5. What problem does the kernel trick solve?

Show answer

That a straight boundary cannot separate classes that are not linearly separable (like a ring around a center). The kernel trick lets the method draw curved boundaries.

6. How does the kernel trick work, in words?

Show answer

It lifts the data into a higher dimension where a flat boundary can separate the classes, then lets that boundary fold back into a curved one in the original space. A kernel function computes the needed relationships directly, without ever building the high-dimensional coordinates.
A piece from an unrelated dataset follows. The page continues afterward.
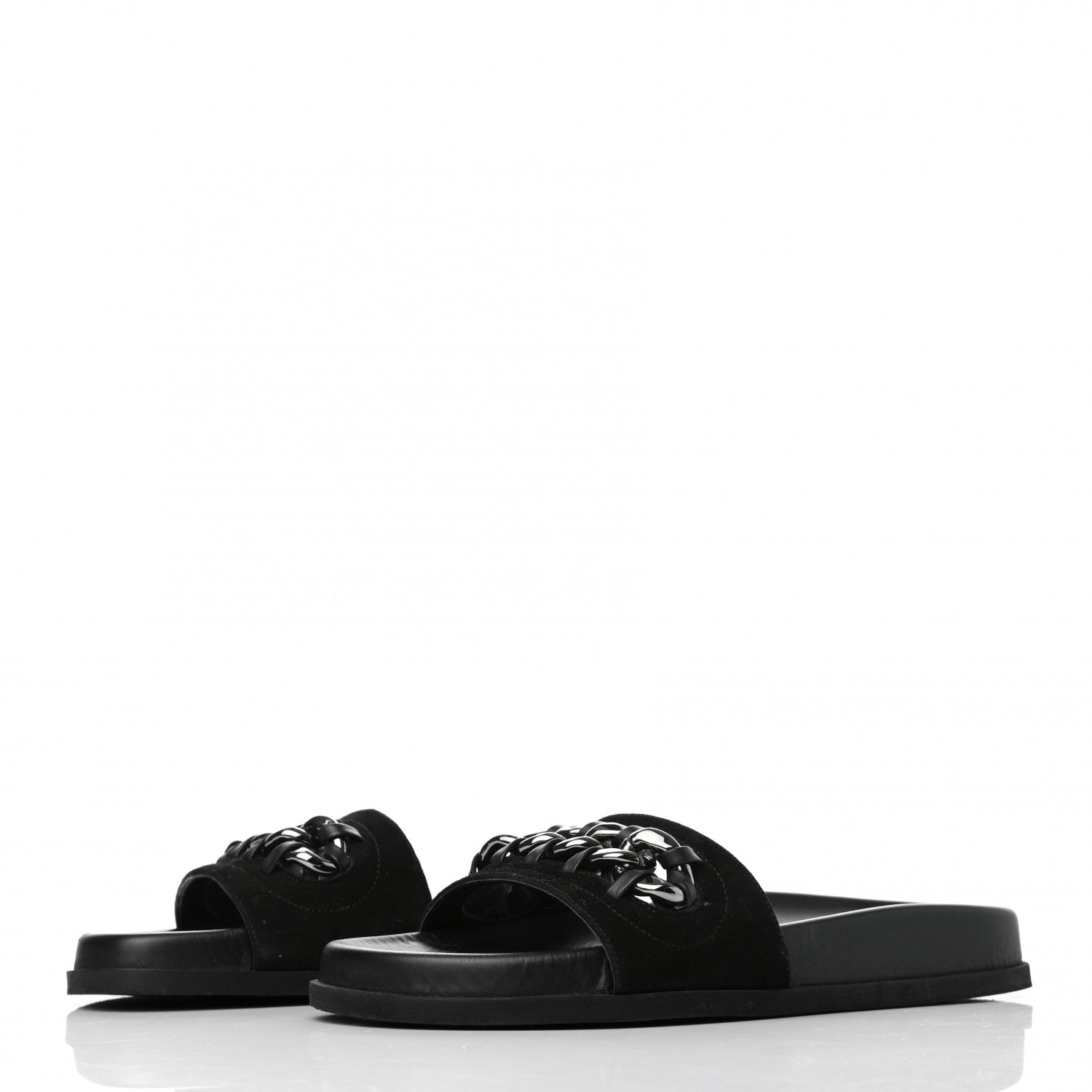 Valentino Garavani Suede Chain Flat Slide Sandals 36 Black 3 of 8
7. Why must you scale features before training a support vector machine?

Show answer

Because it is distance-based: a feature on a large numeric scale would swamp one on a small scale and distort the margin. Rescaling to comparable ranges is required (unlike decision trees, which ignore scale).

Try it yourself: lift it with a kernel

These points sit on a single line and cannot be separated by one threshold, because class IN is in the middle and class OUT is on both ends:

IN  (class 1):  at  -2, -1, 0, 1, 2
OUT (class 2):  at  -4, -3, 3, 4

Add a second coordinate equal to each point’s value squared. Write the squared value for each class, and find a horizontal threshold on the squared values that separates IN from OUT.

Show answer

IN  squared:  4, 1, 0, 1, 4   -> range 0 to 4
OUT squared:  16, 9, 9, 16    -> range 9 to 16

Any threshold between 4 and 9 works; about 6.5 cleanly separates them: IN has squared values at most 4 (below 6.5), OUT has at least 9 (above 6.5). A straight cut in the lifted (squared) space is a curved rule back on the original line: “IN if close to zero, OUT if far.” That is the kernel trick in miniature.
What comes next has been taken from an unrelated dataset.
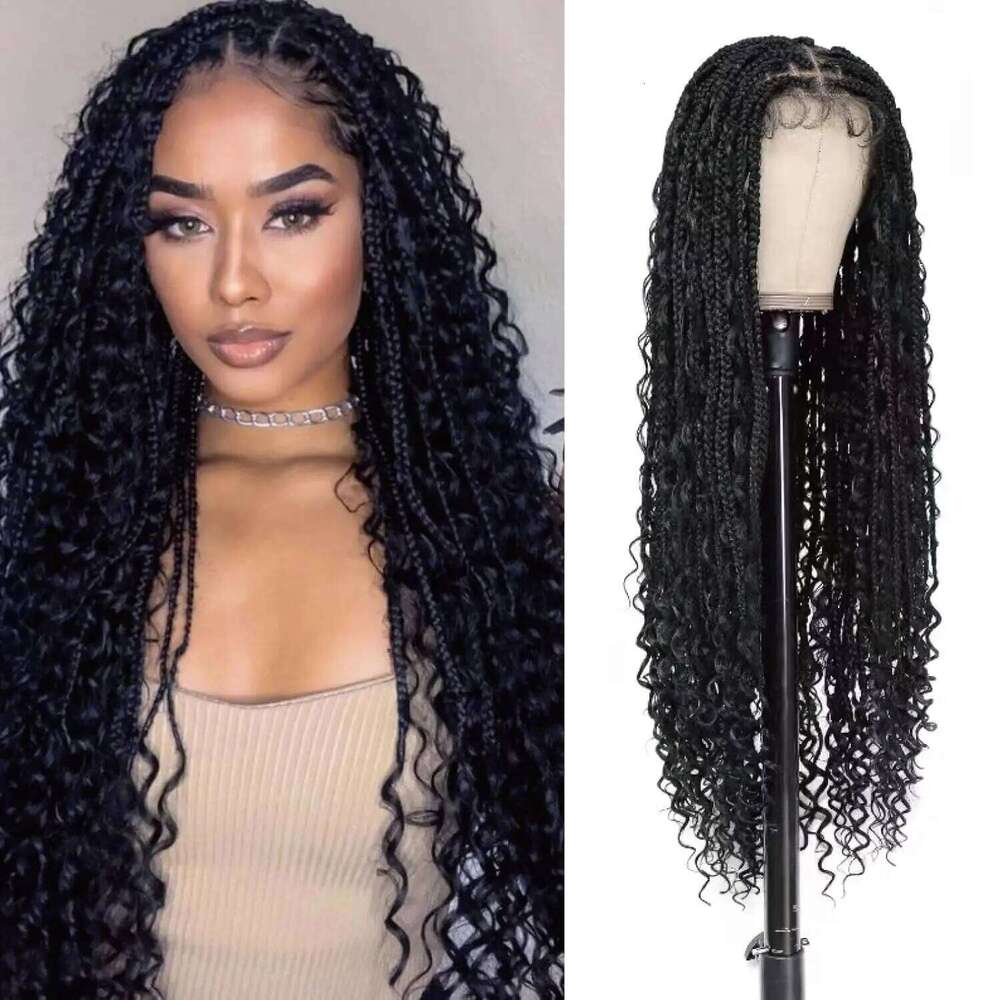 Synthetic Long Bohemian Boho Box Braid for Black Women Twisted Braids Full Lace Braided Wigs with Baby Hair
Try it yourself: which points matter?

You train a support vector machine on 1,000 labeled points. After training, its boundary turns out to be determined by just 8 of them. What are those 8 points called, and what happens to the boundary if you delete the other 992 and retrain on only those 8?

Show answer

The 8 points are the support vectors, the ones on the edges of the margin. If you delete the other 992 (all of which sat farther from the boundary) and retrain on just the 8, you get the same boundary. Only the support vectors shape it; the rest of the data is, for the boundary’s purposes, irrelevant. This is why a support vector machine is memory-efficient: it effectively only needs to remember its support vectors.

Flashcards

Ten cards. Click any card to reveal the answer. Use the Print flashcards button for one card per page.

Q. Which boundary does a support vector machine choose?
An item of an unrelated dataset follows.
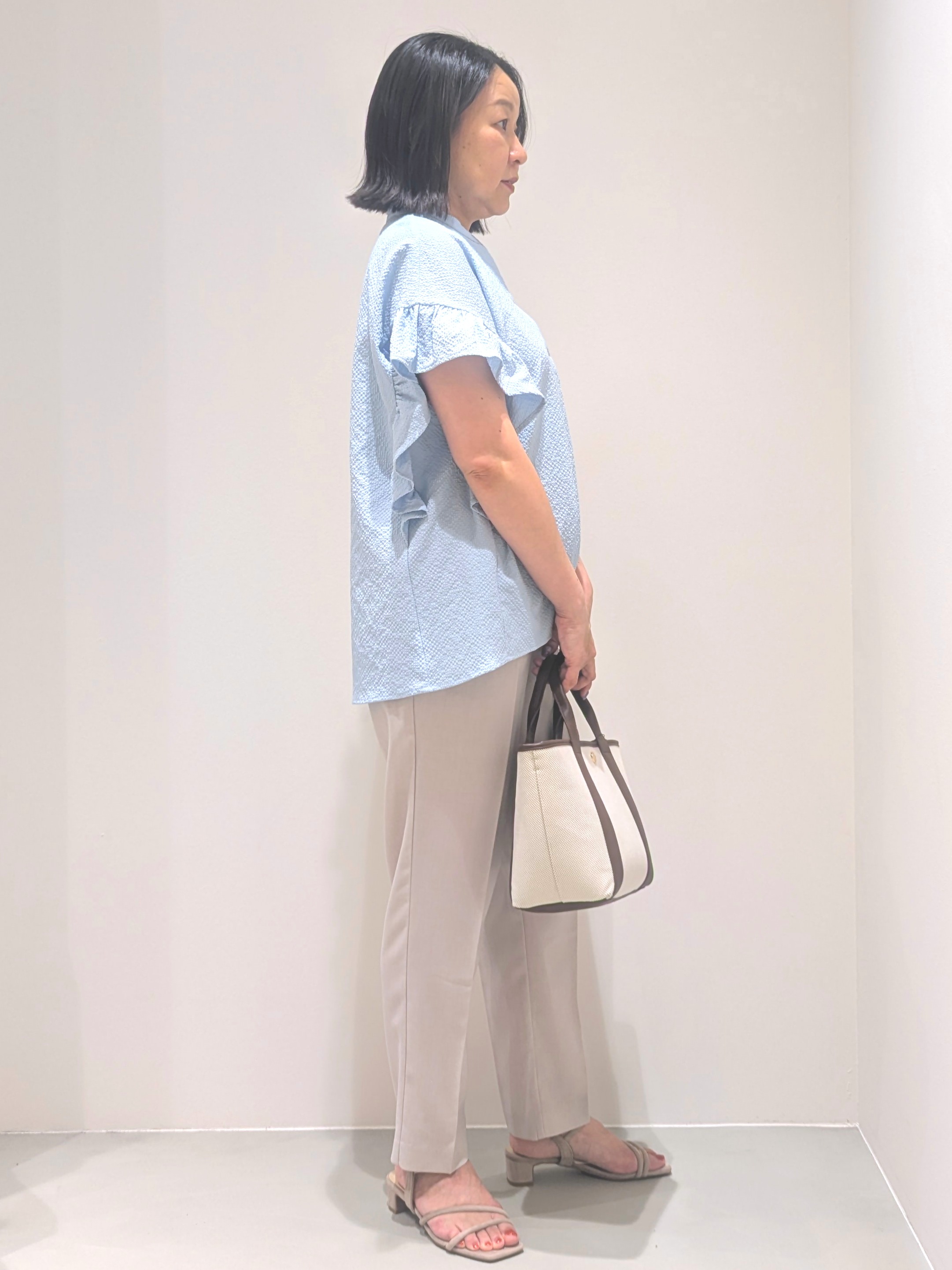 ゆきさんの「OPAQUE.CLIP｜【UV】フリルスキッパーブラウス《洗濯機OK》」を使ったコーディネート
The maximum-margin boundary: the one running down the middle of the widest possible street between the two classes.

Q. What is the margin?

The width of the street between the classes: the distance from the boundary to the nearest data points on each side. The SVM maximizes it.

Q. What are support vectors?

The data points sitting on the edges of the margin, closest to the boundary. They alone determine the boundary; the rest of the data does not matter.

Q. What happens if you move a support vector?

The whole boundary shifts. Moving a point far from the boundary, by contrast, changes nothing.

Q. What is the soft margin?

Allowing some points inside the street or on the wrong side, at a penalty, since real data overlaps. A parameter (C) trades margin width against training errors.

Q. What does the kernel trick do?

It lifts data into a higher dimension where a flat boundary separates the classes, which becomes a curved boundary back in the original space, letting an SVM separate non-linear classes.

Q. Why is it called a 'trick'?

Because a kernel function computes the needed relationships directly, without ever building the high-dimensional coordinates, so it stays fast even when the implied space is huge.

Q. Name two common kernels.

The polynomial kernel and the radial basis function (RBF) kernel. RBF is a common default for curved boundaries.

Q. Why must you scale features for an SVM?

It is distance-based, so a large-scale feature would swamp a small-scale one and distort the margin. Rescale first (decision trees, by contrast, do not need this).

Q. Name one strength and one weakness of SVMs.

Strength (any): effective in high dimensions, memory-efficient, handles non-linear boundaries via kernels. Weakness (any): slow on huge datasets, sensitive to kernel choice, no native probabilities, less interpretable.